Holford et al. [38] used semantic web rules to reason with an ontology of pseudogenes to discover information about human pseudogene evolution. Volker et al. made use of existing reasoners Racer [11] to support reasoning with the foundational model of anatomy in OWL DL (description logic) [39]. Blondé et al. [40] applied relational closure rules to reason with bioontologies to enable practical querying.

So far, however, most of these applications only apply to relatively small data. When it comes to the data analysis of big integrated biological knowledge network, OWL reasoning faces the problems of low efficiency and out of memory [41].

5.2. Massive Biological Data Integration and Search Platforms

In recent years, several data integration and search platforms for the biological domain were presented, such as linked life data (LLD) (http://linkedlifedata.com), Bioportal [42], NCBI (http://www.ncbi.nlm.nih.gov/), and Bio2RDF [43]. LLD was a semantic data integration framework that enables access to multiple public biological databases. BioPortal was an open repository of biological ontologies that provided access via web services and web browsers to ontologies developed in OWL, RDF, OBO format, and Protege tool. The NCBI was a system of interlinked biological databases created by the US National Library of Medicine, which provided a series of search services for biological data. Bio2RDF was a mashup system to help the process of bioinformatics knowledge integration. But these systems lack a comprehensive ontology to model the entire biological network, including TCM and WM, making it hard to discover more implicit knowledge behind the big and complex biological network.

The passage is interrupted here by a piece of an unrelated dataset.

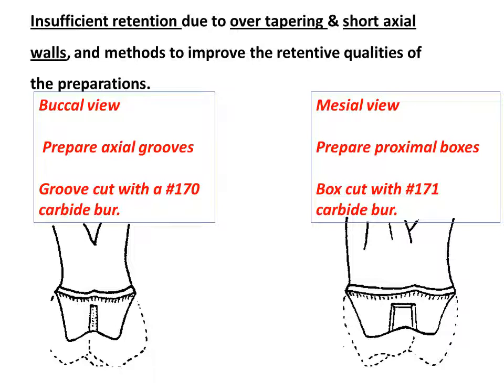The simplest method of obtaining additional retention in a crown preparation is by placing axial grooves on the buccal and lingual walls of the preparation. The grooves are cut with the 1.7 carbide burr and should extend from the occlusal to about 1 mm from the gingival finish line. The grooves should penetrate about 0.5 mm into the preparation and be approximately 1 mm wide. The taper of the burr will create the needed divergence of the grooves to the occlusal.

5.3. Large-Scale Semantic Data Reasoning Systems

Presently, some work of applying cloud computing to semantic data reasoning had been done to solve the problem of scalability. Urbani et al. [44] developed the MapReduce algorithms for materializing RDFS inference results. Liu et al. [45] extended the method to handle fuzzy pD reasoning. Oren et al. [46] presented a parallel and distributed platform for processing large amounts of RDF data on a network of loosely coupled peers. Heino and Pan [47] implemented RDFS reasoning on massively parallel hardware. The above systems mainly focus on computing closure for every domain based on RDFS or OWL rules by different cloud computing methods. None of them is dedicated to derive some implicit associations across multiple domains. However, in the data analysis of large-scale biological knowledge network, there are many problems across multiple biological domains. At this time, digging out meaningful knowledge from the big biological data network cannot be easily achieved using the above methods.

6. Conclusion

Confronted with the massive, disparate, and interlinked biological network, this paper presents a general biological data reasoning framework to model, integrate, and analyze the big biological network. We firstly summarize the basic requirements for a feasible framework. Then we give the overall OWL reasoning framework over big biological network and related modules. We construct a unified biological ontology to capture and model the complex biological network including modern biology and TCM. Based on the conceptual model, a big biological linked knowledge network is formed to integrate and unify the heterogeneous data sources. Then for the data analysis of the big biological linked knowledge network, we propose three different kinds of reasoning algorithms and implement corresponding reasoning prototype systems which make full use of the advantages of MapReduce parallel programming model and OWL property chain reasoning method. Finally, we evaluate the reasoning prototype system on the big biological linked knowledge network, with its focus on discovering the implicit associations between TCM and WM. The results demonstrate that our prototype system achieves high efficiency, accuracy, scalability, and effectivity.

Conflict of Interests

The authors declare that there is no conflict of interests regarding the publication of this paper.


Thanks are due to Tong Yu, Bo Gao, Ling Zhu, and their colleagues from the China Academy of Chinese Medical Sciences for their help in constructing biological ontology and result evaluation. This work is funded by LY13F020005 of NSF of Zhejiang, NSFC61070156, YB2013120143, and Fundamental Research Funds for the Central Universities.